To slim down your everyday carry, do three things: track what you actually use for one week, run every item through a keep, kill, or consolidate decision, and then combine whatever survives into as few objects as possible. Most people find that about half of what they carry has not been touched in a month.

This is not a minimalism sermon. Carry whatever you want. But if you are sitting on your wallet like a booster seat or jangling like a janitor when you walk, a one-week audit will pay for itself in comfort alone.

Step 1: Audit your carry for one week

Every morning, take ten seconds and photograph everything you are about to put in your pockets or bag. Every evening, mentally tally what you actually used that day. No judgment yet, just data. You are building a usage log, not a guilt trip.

By day seven you will have a clear split: the items you used daily, the items you used once, and the items that came along for seven rides and did absolutely nothing. That third group is the target.

Step 2: Keep, kill, or consolidate

Now run every item through one of three buckets.

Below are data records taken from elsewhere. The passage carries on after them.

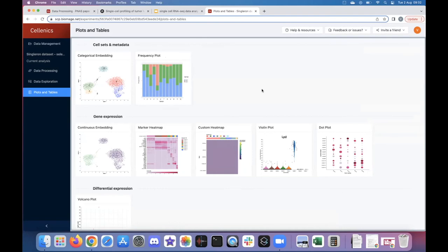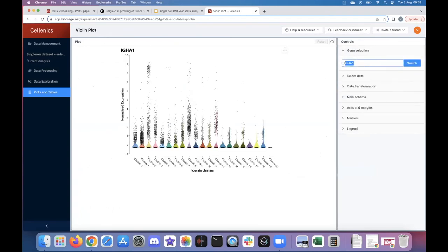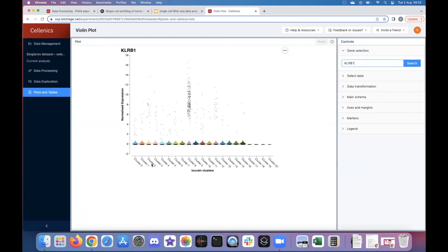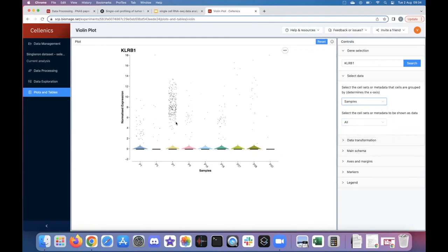What we can see confirms a finding from the paper: there is quite a difference in the proportion of T-cells across different samples, and specifically sample P7 has a very high proportion of T-cells compared to all others — something the authors commented on and wanted to follow up. The paper also reported identification of rare cell populations including Th17-like cells, identified using markers including KLRB1. The violin plot shows expression of KLRB1 across all clusters, and when we look at our custom cell sets we see indeed a reasonable amount of KLRB1 expression within the T-cell population.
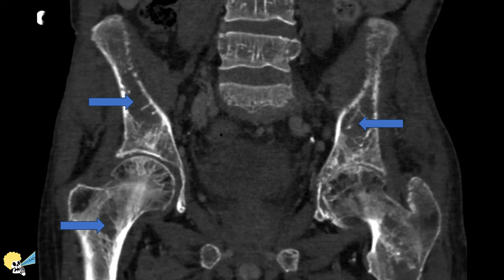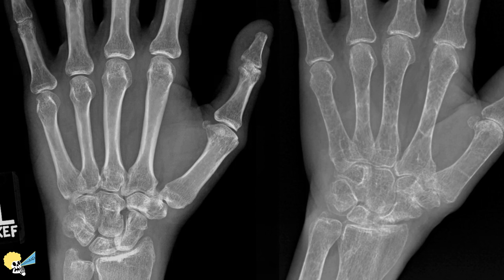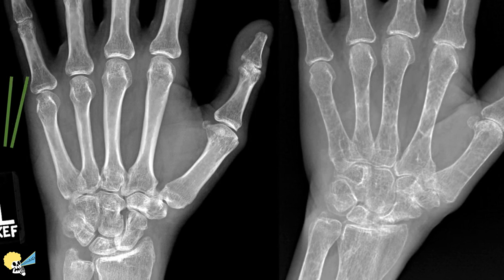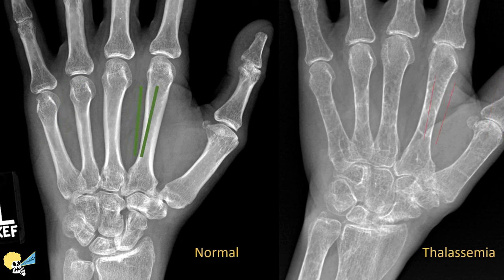Also, keep in mind that similar findings can be seen in patients with osteoporosis and other conditions with poor bone mineralization. For better visualization, we have here hand radiographs of a normal patient and hand radiographs of a patient with thalassemia, where we can clearly see the differences in cortical thickness and medullary expansion.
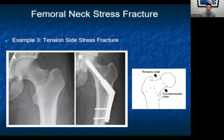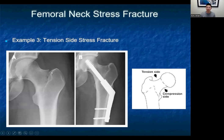An important distinction in diagnosing femoral neck stress fractures is whether they are tension-sided or compression-sided. The previous examples were compression-sided, arising from the inferior femoral neck. Tension-sided fractures arise from the superior femoral neck, which is under more tension and has poorer healing potential. These should be taken very seriously due to increased rates of progression to complete fracture and non-healing. They should generally be referred to orthopedic surgery, and patients should be sent with crutches and completely non-weight bearing.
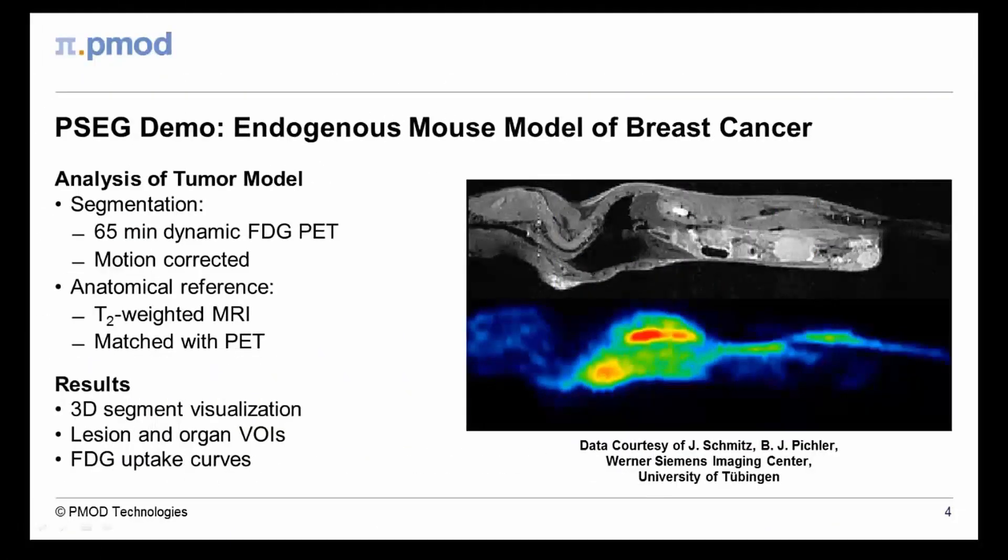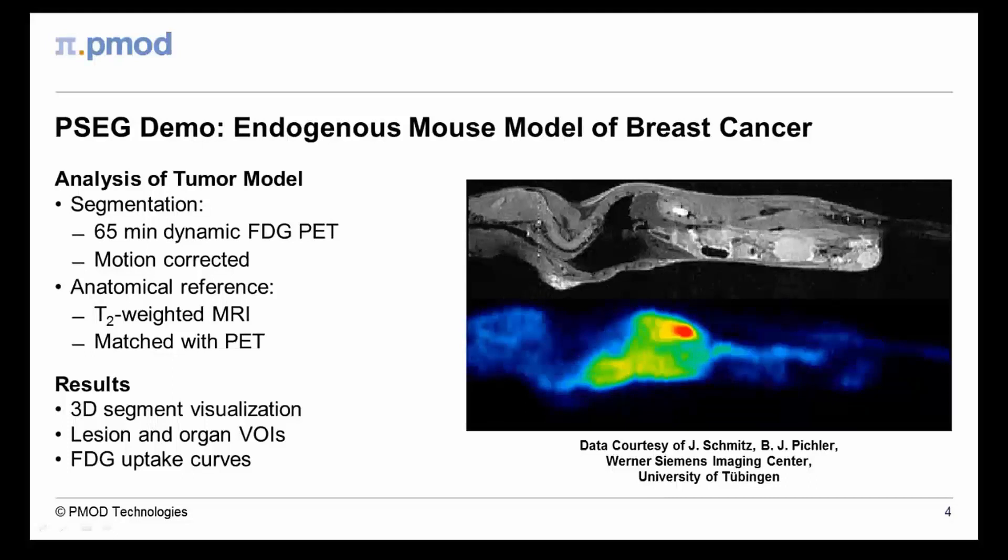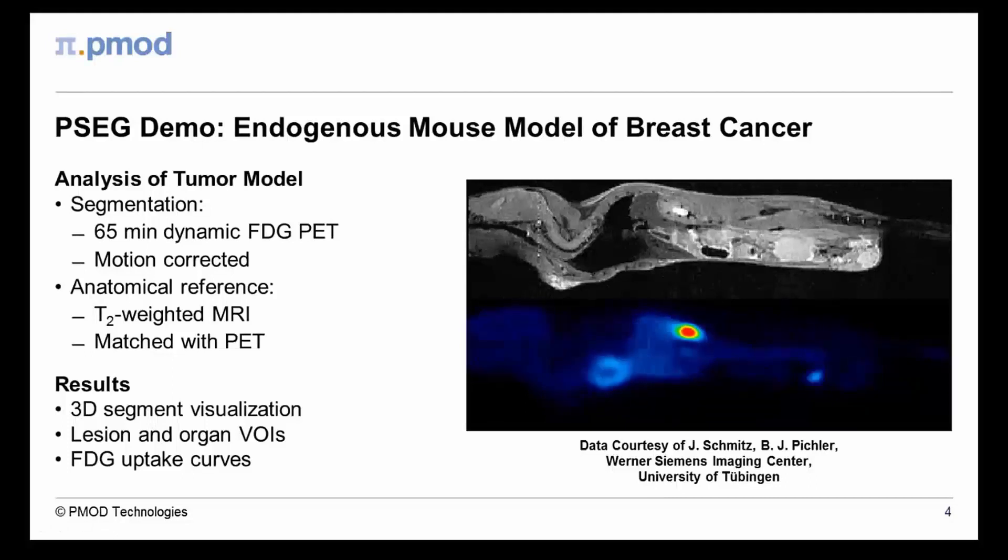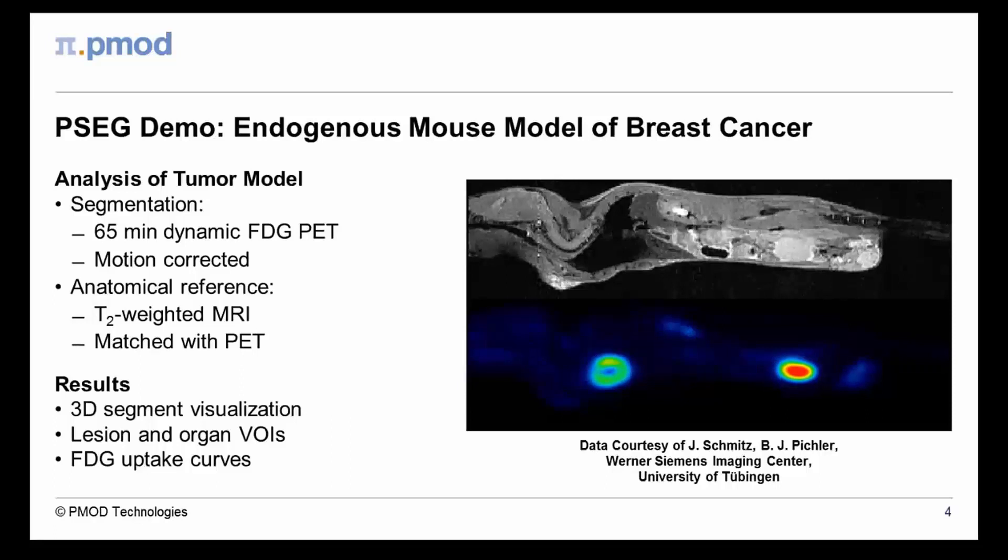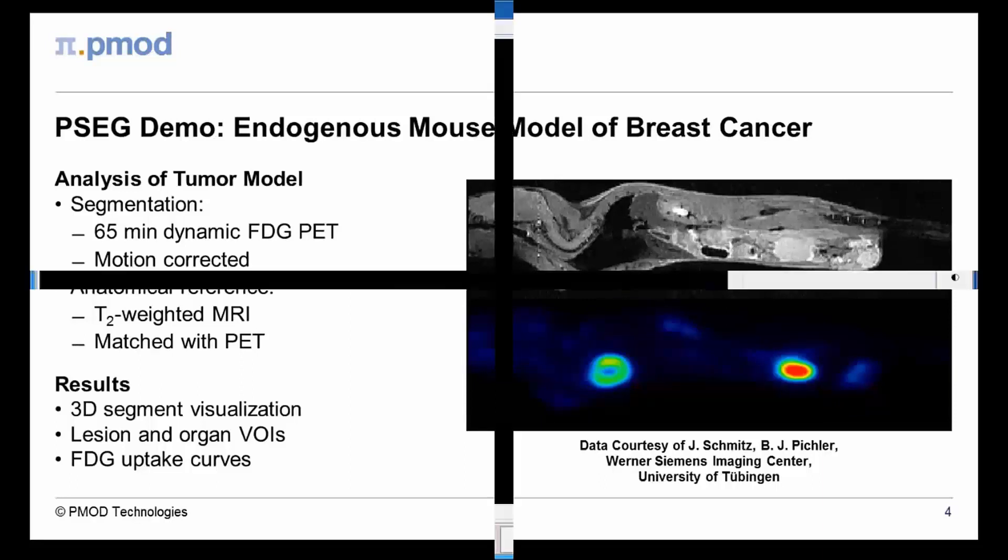The following three-minute demo will give you a brief impression of the PMOD image segmentation tool. It uses dynamic FDG PET data in a mouse model of breast cancer for the segmentation of tumors and organs and a matched MRI image for anatomical reference. The segmentation is visualized in a 3D scene and finally applied to the PET for the calculation of the uptake curves.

  1. Keep. Used three or more times this week. Phone, primary card, ID, house keys. These earned their spot and are not up for debate.
  2. Kill. Not used in a month. It goes home to a drawer. If you need it someday, the drawer is right there. You are not moving to the wilderness, you are walking to lunch.
  3. Consolidate. Genuinely needed, but currently taking up its own slot. Keys that could ride with your wallet. A backup card that could share a compartment. Cash that could live under a band instead of in a money clip.

The usual dead weight

Some items show up in nearly every audit, so check for these first: a wad of receipts you will never expense, loyalty cards for stores that all have apps now, gift cards holding $1.37, a hotel key card from March, expired insurance cards, a second and third set of keys for doors you open twice a year, and a small national reserve of coins.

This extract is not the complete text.